Showing posts with label The-Empty-Man-2020 David-Prior James-Badge-Dale Sasha-Frolova Marin-Ireland Stephen-Root horror HP-Lovecraft skeleton. Show all posts
Showing posts with label The-Empty-Man-2020 David-Prior James-Badge-Dale Sasha-Frolova Marin-Ireland Stephen-Root horror HP-Lovecraft skeleton. Show all posts

Sunday, March 6, 2022

Where were you?

 THE EMPTY MAN (2020)
Reviewed by Jerry Saravia

I don't think I have figured out "The Empty Man" but I wouldn't say it left me feeling "empty" either. I also believe that like many of David Lynch's own labyrinthian puzzle pieces (his "Inland Empire" is still somewhat inexplicable to me), "The Empty Man" requires attention and patience and yet once we discover some of its hidden truths, we are still at a bit of a loss to understand what the film is saying.   
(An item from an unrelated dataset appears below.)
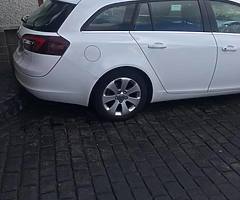 Vauxhall insignia estate 2014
The opening scenes, which last a good 25 minutes, didn't exactly strike a chord with me. Four hiking partners are walking through the cold and desolate Ura Valley in Bhutan. They are at a high elevation in the Himalays and one of the hikers, Paul, falls through a crevice on the mountainous rock (after all successfully walk through a dangerous bridge). Paul initially heard a distant noise, as if someone was communicating with him, and is found by his friends in a cave kneeling before a Lovecraftian skeleton with tentacles -  it looks like a demigod to be worshipped. Paul is catatonic and is whisked away by his friends to some remote log cabin during a snowstorm. A tragedy results in two of the hikers getting slashed with a knife by Paul's girlfriend and then she purposefully plunges herself to the bottom of the mountain. Suicide or was she forced to do it?

"The Empty Man" is far more interesting and scary after that opening prologue when we are introduced to an ex-cop named Lasombra (James Badge Dale) who is investigating a series of murder-suicides where a cryptic phrase is written on a wall that reads "The Empty Man Made Me Do It." Of course, he is not a cop anymore but it doesn't stop him from checking out these strange cases, especially the disappearance of his next-door neighbor's daughter (Sasha Frolova, her cherubic face exists on some other plane of  existence - good casting) who has that phrase written in blood on the bathroom window! Who is the Empty Man? Slender Man's Cousin? Who knows though he can be summoned by blowing onto a glass bottle on a bridge - that is part of the legend and sure enough, in one of the movie's two scariest sequences, someone is kicking bottles and making noise on the other side of the bridge. When Lasombra finds four kids that have hanged themselves at the bottom of the bridge, we know this entity or phantasm is not playing around. But what does the Empty Man want? Great question.

"The Empty Man" borrows or perhaps patterns itself after films like "The Babadook" and "The Ring" - both of which are more straightforward than this movie. But I do love ambiguity and debuting director David Prior has a lot of ideas about the metaphysical world and what is real and fundamentally true versus what is often punctuated through repetition that could just be a "refrigerator magnet" (some of this philosophy is provided by the leader of a terminally strange institute played by Stephen Root, a great character actor who is just as creepy as the guy he played in "Get Out"). Those moments of philosophical discussion really piqued my interest. On a narrative level with the main characters, I was far more invested in Lasombra and his pill-popping, heavy drinking stretches (he lost his wife and child in a horrible car accident), especially the fractured friendship between him and his neighbor Nora (Marin Ireland) - she also lost her significant other. Both James Badge Dale and Marin Ireland are so damn good, so honest in their portrayals of lost souls who try to repair their damaged psyches that a whole film just about them would've been grand. That is usually the mark of a good horror flick.

But by the time we reach the frenetic, heavy clicking sounds and deep-bass-tremors-in-the-soundtrack climax (I had some idea about Lasombra's possible true identity halfway through the film), I felt a little underwhelmed. That is not to say that the film's supernatural climax isn't stirring - it definitely is - but it negates the soul dimensions provided by Dale for his ex-cop Lasombra and the stunning Frolova for Nora's daughter. Despite the uninvolving prologue, there is much to admire in "The Empty Man" which has its share of scares and spooky atmosphere and it leaves you with a lot of questions (its philosophies will stay with me).  After it ended, I just felt more hoodwinked than enlightened but definitely not disinterested.